For this series, I am concerned with a growing urgency expressed in the consumer world to undercut ecological uncertainty. For example, one of the sculptures explores how living and symbolic oysters join in the life support of a brand. Recently, on Shell Petroleum’s Facebook wall, Shell espoused the oyster’s ability to filter up to 22 litres of salt water an hour, further proclaiming:
See how Shell works with environmental organizations like TNC (The Nature Conservancy) to use these natural filters and find other ways of helping conserve the natural world.
But it is not just a salt-water filter Shell has observed. Artificial oyster reefs erect alkaline curtains that, to an oblique degree, offset the company’s contribution to the rising acidity of the ocean. Acidity that, since the beginning of the industrial revolution, has increased by 30%, largely due to anthropogenic carbon dioxide emissions.

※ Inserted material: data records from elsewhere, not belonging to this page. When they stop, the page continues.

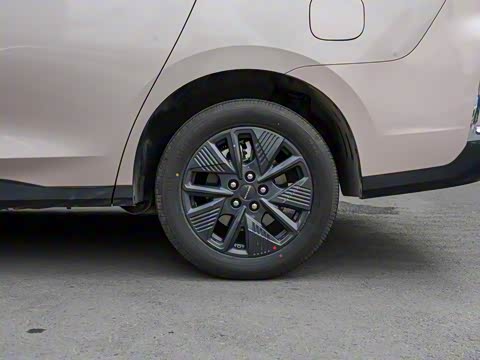 2025�� �캽��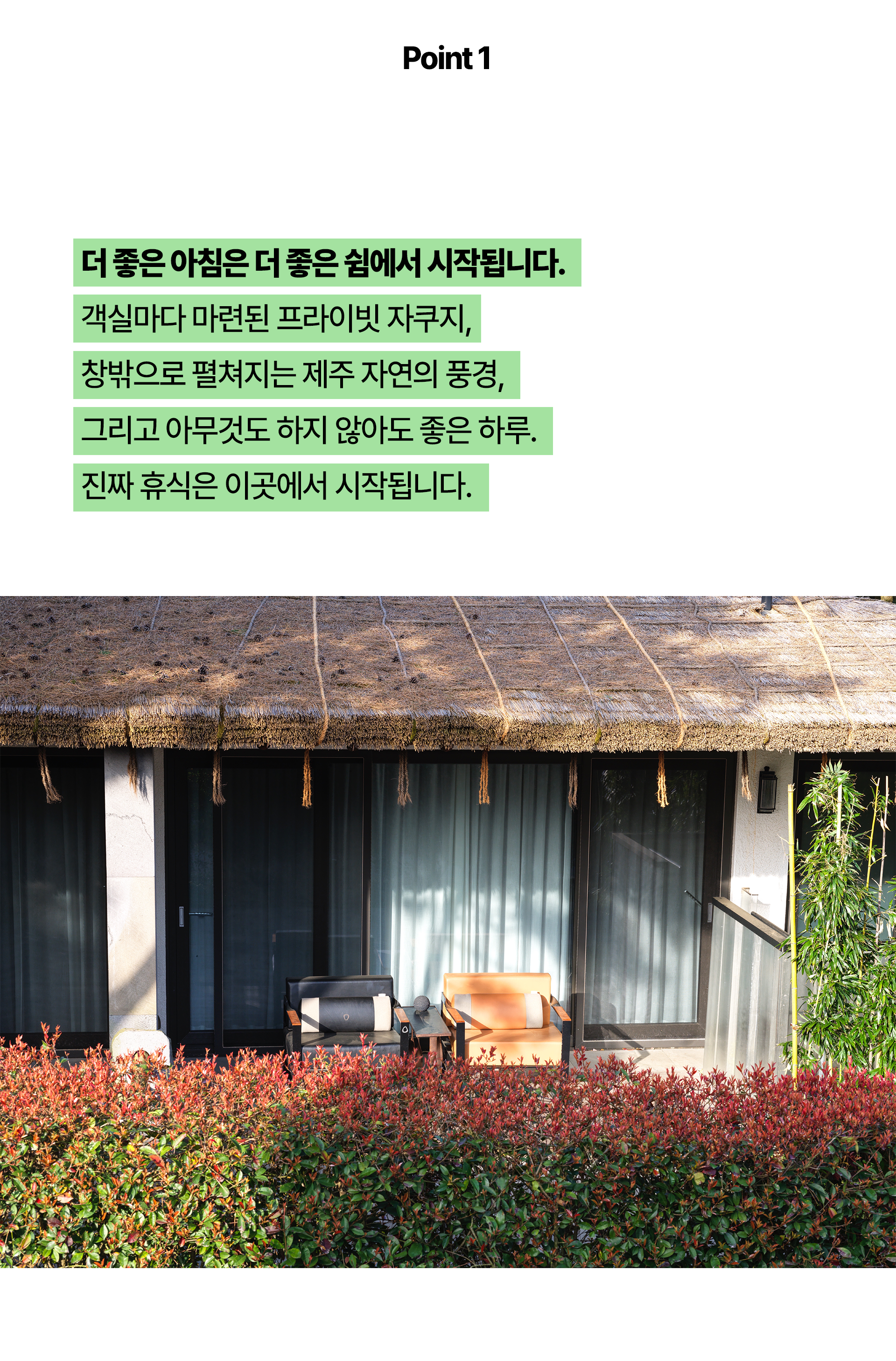 235310d1d08f9.png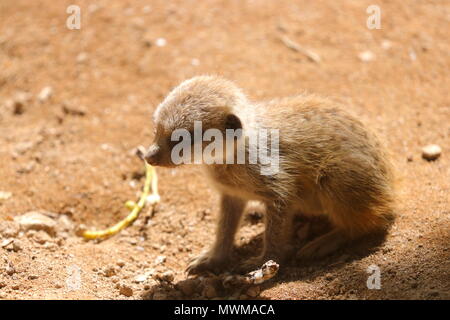 Baby Meerkat an Newquay Zoo Stockfoto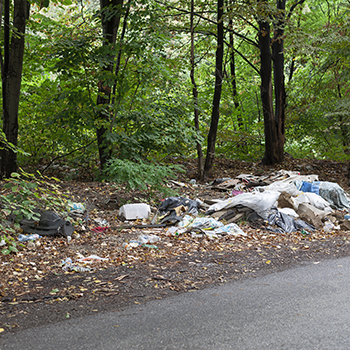 Illegal Dumping and Volunteer Cleanups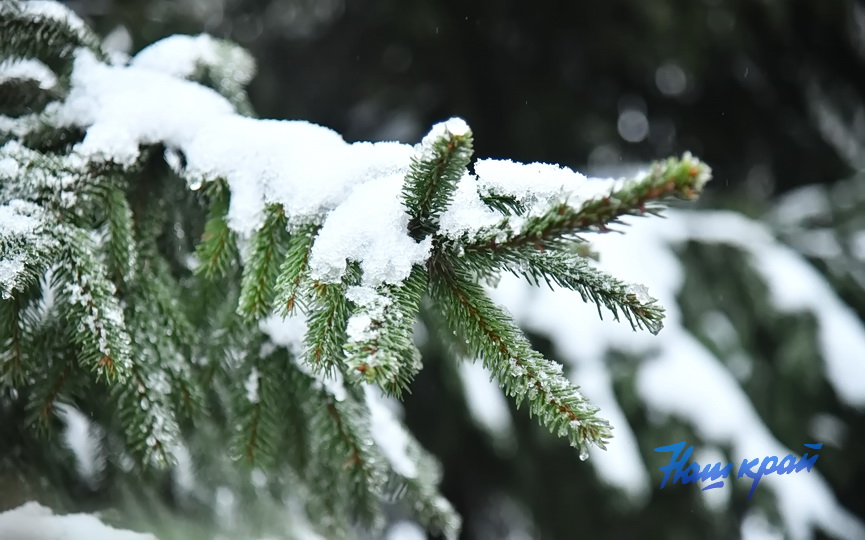 zima-pogoda-_6027 (4).JPG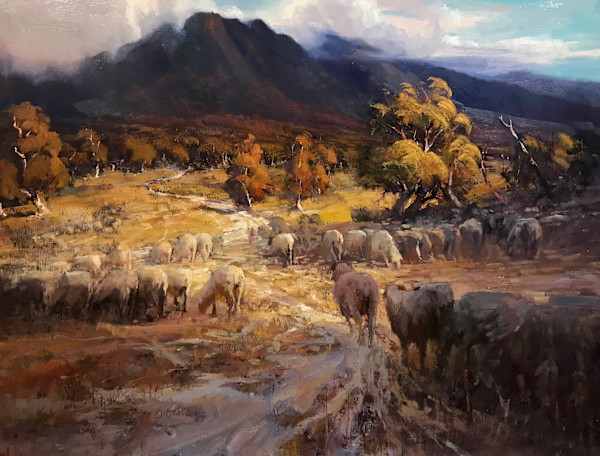 Woolly Wethers
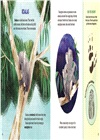 Super Marsupials: Kangaroos, Koalas, Wombats, and More (Stage1)
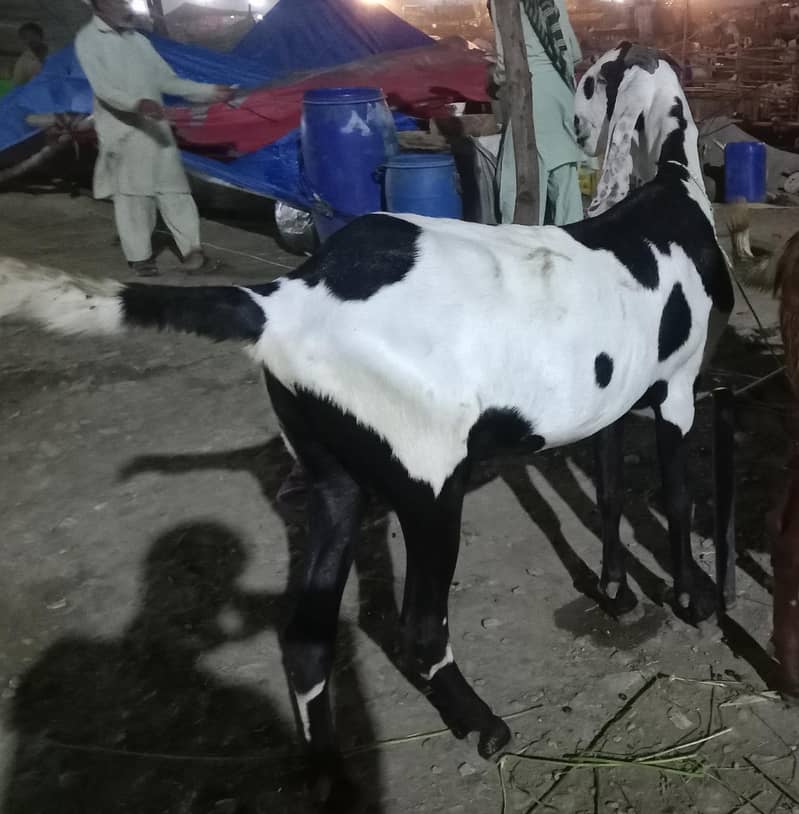 دوندے بکرے مناسب قیمت پر حاصل کریں 3
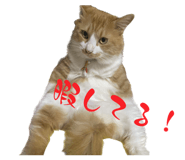 766358032
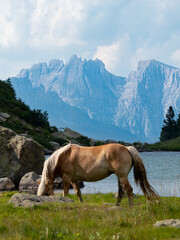 horse in mountains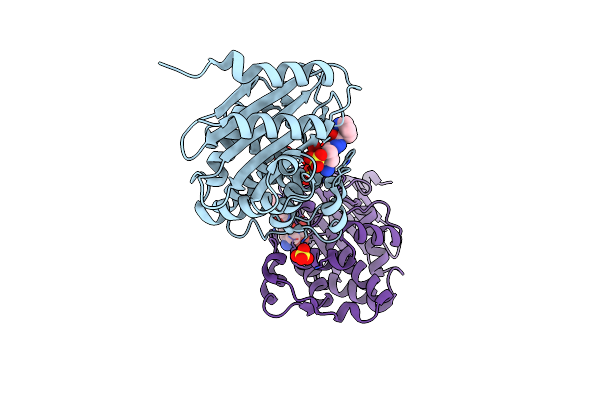 6B1W image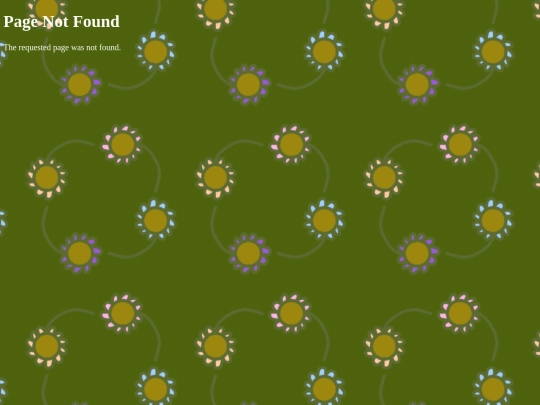 not_found screenshot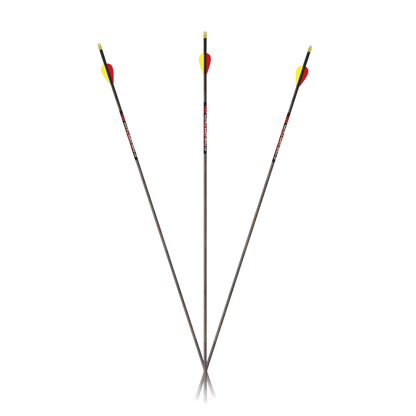 Premium carbon hunting arrows with bright fletching for accuracy and visibility.
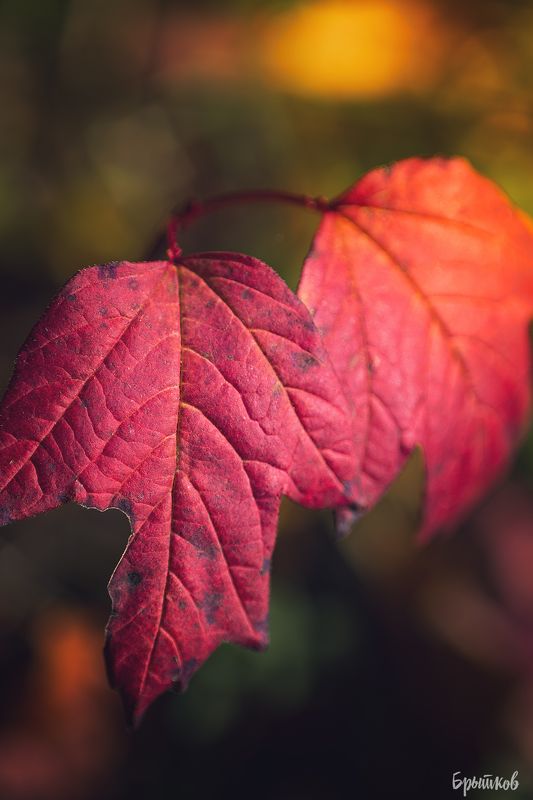 Краски осени. Макро фото превью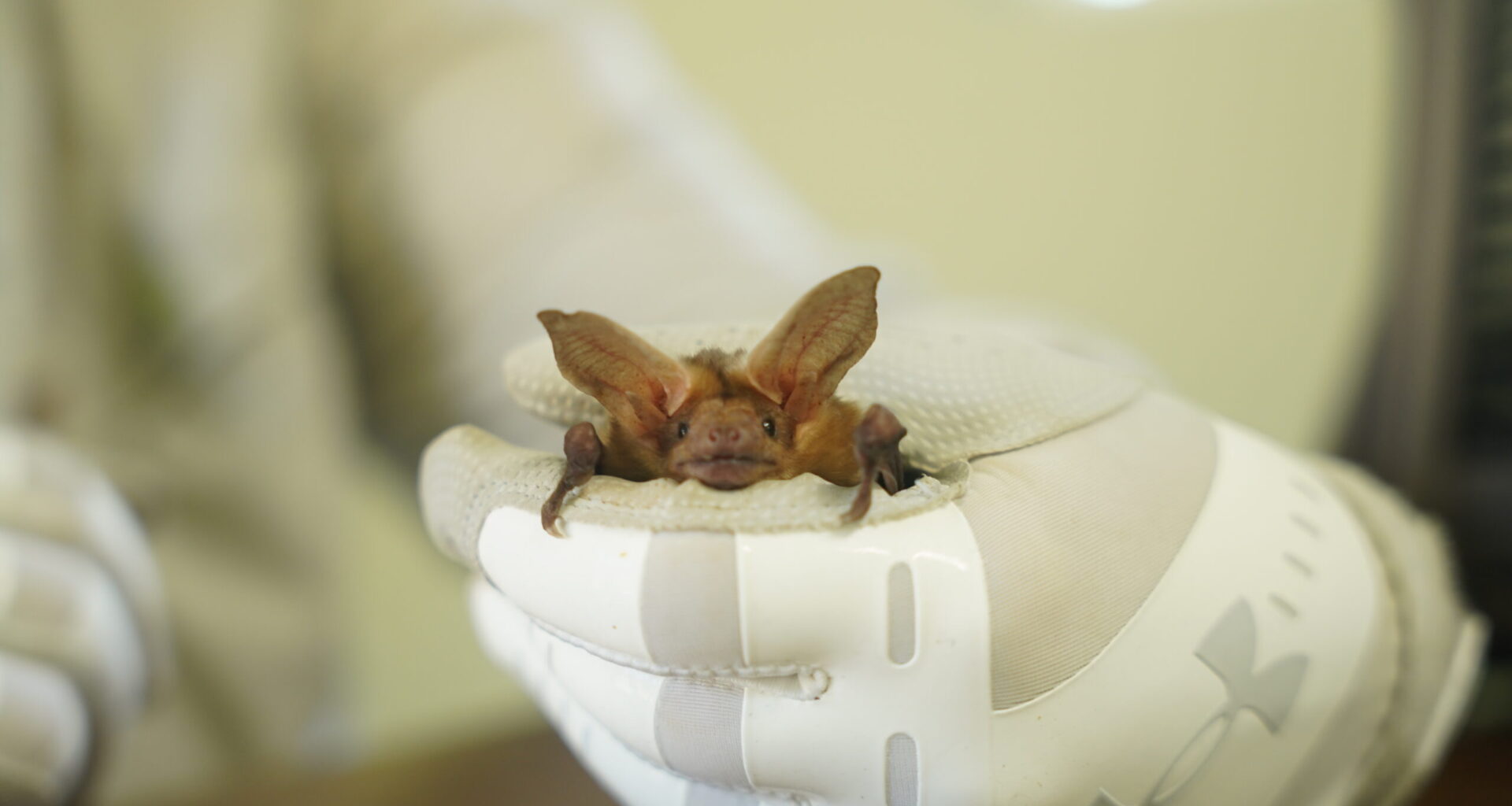 Close-up of a baby bat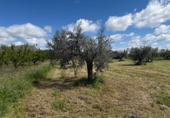 Parcel·la urbanitzable en venda a la España, Moratalla, ref.: TR254363 foto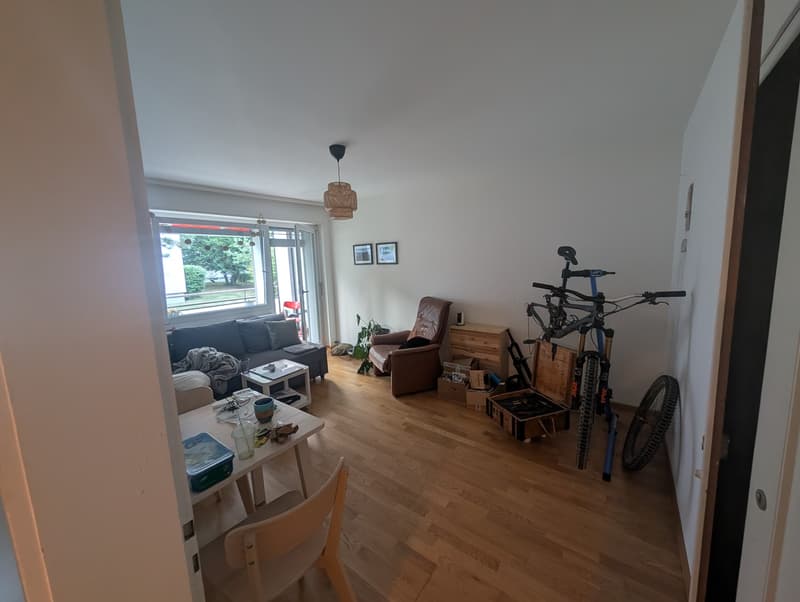 2.5 in Beautiful Quiet Wiedikon Neighborhood, close to Trame (3)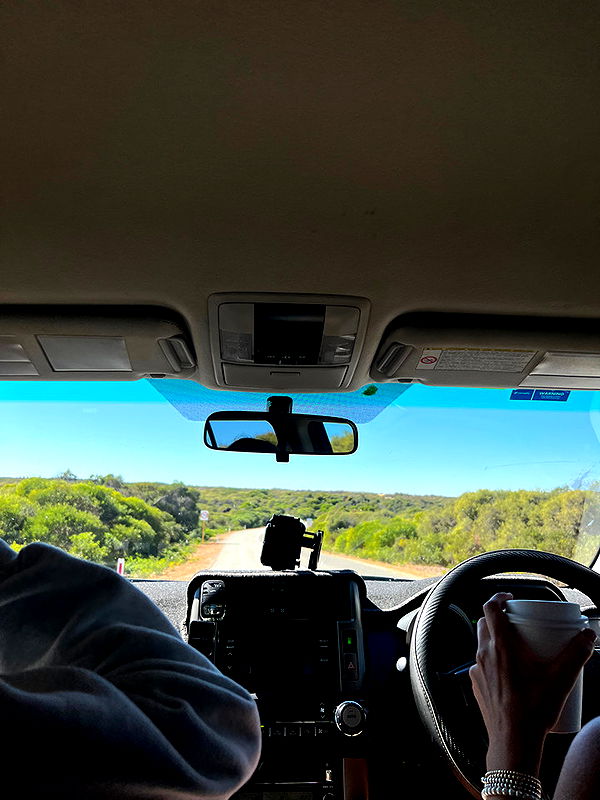 emelye.ender image ~ Altpins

One quarter of global CO2 is absorbed into the oceans in such a way that it can stay sequestered for up to five hundred years. An ocean is like a gigantic pulsing sink of carbonate chains and it is a key to mitigating climate change. CO2 is absorbed into oceans where its ions exchange in a series of mineral and metabolic processes. Under the right conditions alkaline zones can emerge that are beneficial to a wide range of marine organisms with calcite structures such as coral skeletons and shells.
Yet adverse effects are emerging from the growing presence of CO2. Not least of all, lowering the pH level of seawater decreases the saturation zone where calcium-carbonate bonds. The zone narrows and rises closer to the ocean’s surface. Consequently, the delicate balance for calcification (becoming solid) is upset. Dissolution writes over the precipitation process for existing marine organisms. Shells become deformed and in younger specimens are unable to form.
In this example, the question I am asking is how do we then position the oyster’s blind occupation? Do we believe the oyster filters Shell Petroleum’s acidic ambitions? Shell Petroleum observed this flux of nonhuman agency could be co-opted into the composite shell of its corporate identity so that living and symbolic oysters join in the life support of the brand.